A court settlement in California has been approved by a federal judge, prohibiting federal U.S. border officials from reviving the Trump-era “zero tolerance” family separation policy for the next eight years. Under the settlement between the American Civil Liberties Union and the Biden administration, the federal government will be barred from separating migrant families solely for the purposes of prosecuting the parents for entering the U.S. illegally.
Limited exceptions to the eight-year ban include cases where a parent poses a risk to their children. The settlement also provides social and legal benefits to migrant families affected by the Trump-era practice, which led to the separation of roughly 5,000 children from their parents. Notably, the agreement does not include monetary compensation, as was considered by the Biden administration until an outcry by Republican lawmakers in Congress.
U.S. District Court Judge Dana Sabraw approved the settlement during a hearing in San Diego, according to Lee Gelernt, the lead ACLU attorney in the case. Gelernt called the settlement “a critical step toward closing one of the darkest chapters of the Trump administration,” highlighting the trauma caused to families by the practice.

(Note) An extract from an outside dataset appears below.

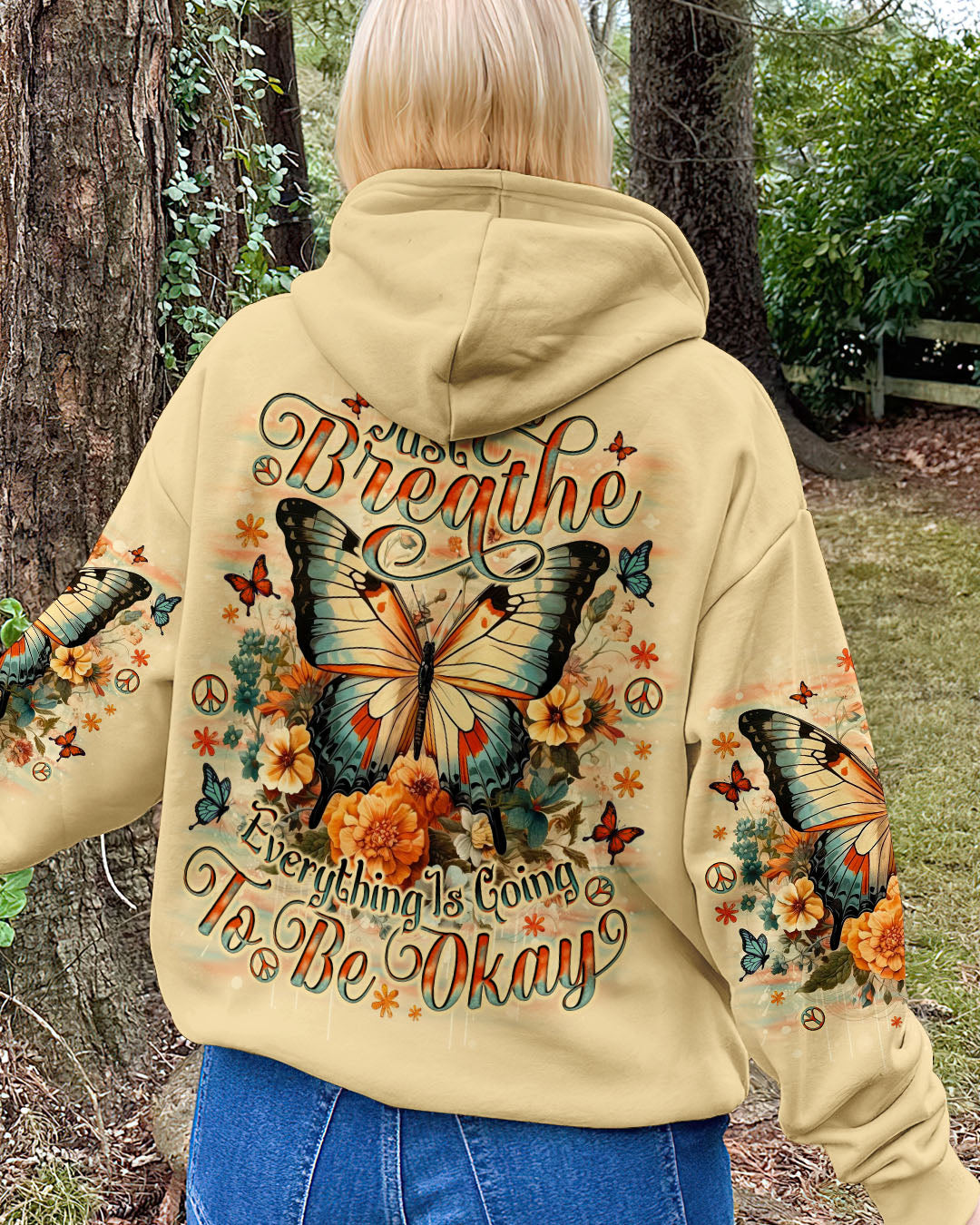 Just Breathe Everything Is Going to Be Okay Vintage Butterfly and Floral AOP Shirts _7_ OB4gF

In addition, the settlement comes after former President Donald Trump repeatedly refused to rule out reinstating his infamous border separation policy while on the 2024 campaign trail. And since taking office, President Biden created a task force that has reunited hundreds of migrant families, providing temporary legal status and work permits.
The ACLU estimates that between 500 and 1,000 children split from their parents as a result of the Trump-era policy remain separated from their families. An official order codifying the settlement is expected to be issued soon.